このページでは「VILTROX AF 20mm F2.8」のレビューを掲載しています。
VILTROX AF 20mm F2.8のレビュー一覧
- VILTROX AF 20mm F2.8 レンズレビュー 完全版
- VILTROX AF 20mm F2.8 レンズレビューVol.6 周辺減光・逆光編
- VILTROX AF 20mm F2.8 レンズレビューVol.5 ボケ編
- VILTROX AF 20mm F2.8 レンズレビューVol.4 諸収差編
- VILTROX AF 20mm F2.8 レンズレビューVol.3 解像チャート編
- VILTROX AF 20mm F2.8 レンズレビューVol.2 遠景解像編
- VILTROX AF 20mm F2.8 レンズレビューVol.1 外観・操作・AF編
管理人の評価
ポイント | 評価 | コメント |
価格 | 非常に安い | |
サイズ | 十分に小さい | |
重量 | 十分に軽い | |
操作性 | 最小限だが良好 | |
AF性能 | 十分に高速で静か | |
解像性能 | 絞れば良好(像面湾曲あり) | |
ボケ | 玉ボケ以外は良好 | |
色収差 | とても良好な補正状態 | |
歪曲収差 | フレーム端で歪みが強い | |
コマ収差・非点収差 | 絞り開放付近で目立つ | |
周辺減光 | かなり目立つので補正必須 | |
逆光耐性 | 低価格レンズとしては良好 | |
満足度 | 廉価20mmとして検討すべき選択肢 |
評価:
手頃な20mmとして検討すべき選択肢
小型軽量で手頃な価格の20mm F2.8ですが、レンズの作り・操作性・光学性能はバランスよくまとまっています。欠点が無いわけではないものの、致命的な問題を感じるシーンは多くないはず。欠点を考慮するとF2.8を使った夜景や天体撮影には不向きですが、それ以外の用途ではコストパフォーマンスの高い20mm F2.8 AFレンズと感じることでしょう。
Index
まえがき
2023年に発売したフルサイズミラーレス用の超広角レンズ。ソニーEマウント・ニコンZマウントに対応しています。
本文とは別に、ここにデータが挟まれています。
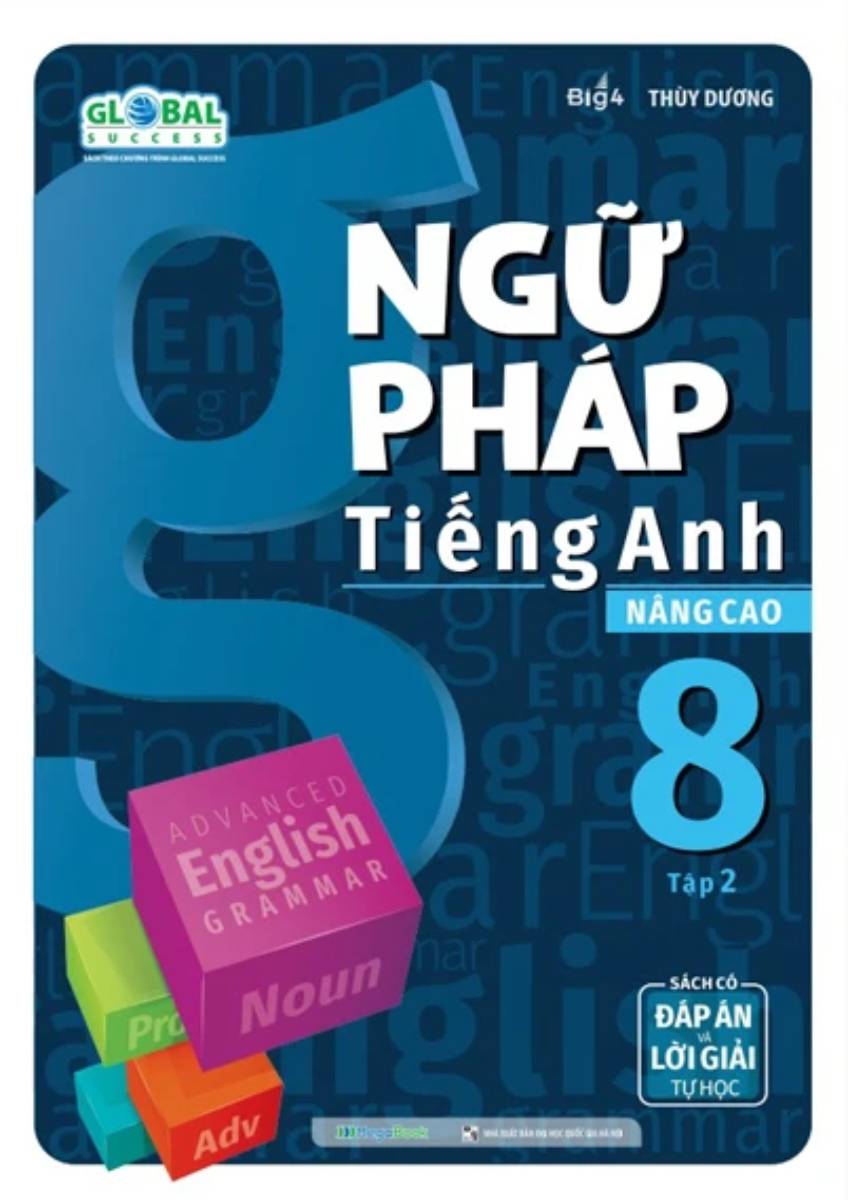 Global Success - Ngữ Pháp Tiếng Anh Nâng Cao 8 (Sách Có Đáp Án &amp; Lời Giải Tự Học) (MEGA)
「20mm」の超広角をカバーしつつも全長60mm未満・重量152gと小型軽量なレンズサイズを実現しています。
- 正式発表:2023年10月30日
- 国内販売開始:2023年11月3日
- 初値:158ドル
- フォーマット:フルサイズ
- マウント:E / Z / X
- 焦点距離:20mm
- 絞り値:F2.8-F16
- 絞り羽根:7枚
- レンズ構成:8群10枚
- 最短撮影距離:0.19m
- 最大撮影倍率:0.17倍
- フィルター径:52mm
- サイズ:64.9×59.6mm
- 重量:152g
- 防塵防滴:
- AF:STM
- 手ぶれ補正:-
- その他機能:
・USBポート
他のVILTROXと同じく、AFを始めとした電子接点による通信機能はリバースエンジニアリングと思われます。互換性は完璧と言えないかもしれませんが、USB-Cポートでファームウェアアップデートに対応しています。
価格のチェック
国内でも代理店のPERGEARなどで取り扱いが始まっています。販売価格は2万円前半と非常に手ごろ。ニコンZマウントには高価な「Z 20mm F1.8」しかなく、ソニーEマウントではサムヤンやタムロンなどの競合製品が存在するものの、VILTROXほど安くはありません。手ごろな価格で20mmの超広角を体験してみたい人にとっては面白い選択肢と言えるでしょう。
レンズレビュー
外観・操作性
箱・付属品
ここ最近のVILTROXらしく、白を基調としたモダンなデザインの箱。VILTROX初期ごろのデザインと比べるとずいぶんと洗練されたように見えます。箱のカバーを外すと、被せ蓋に封印が施されています。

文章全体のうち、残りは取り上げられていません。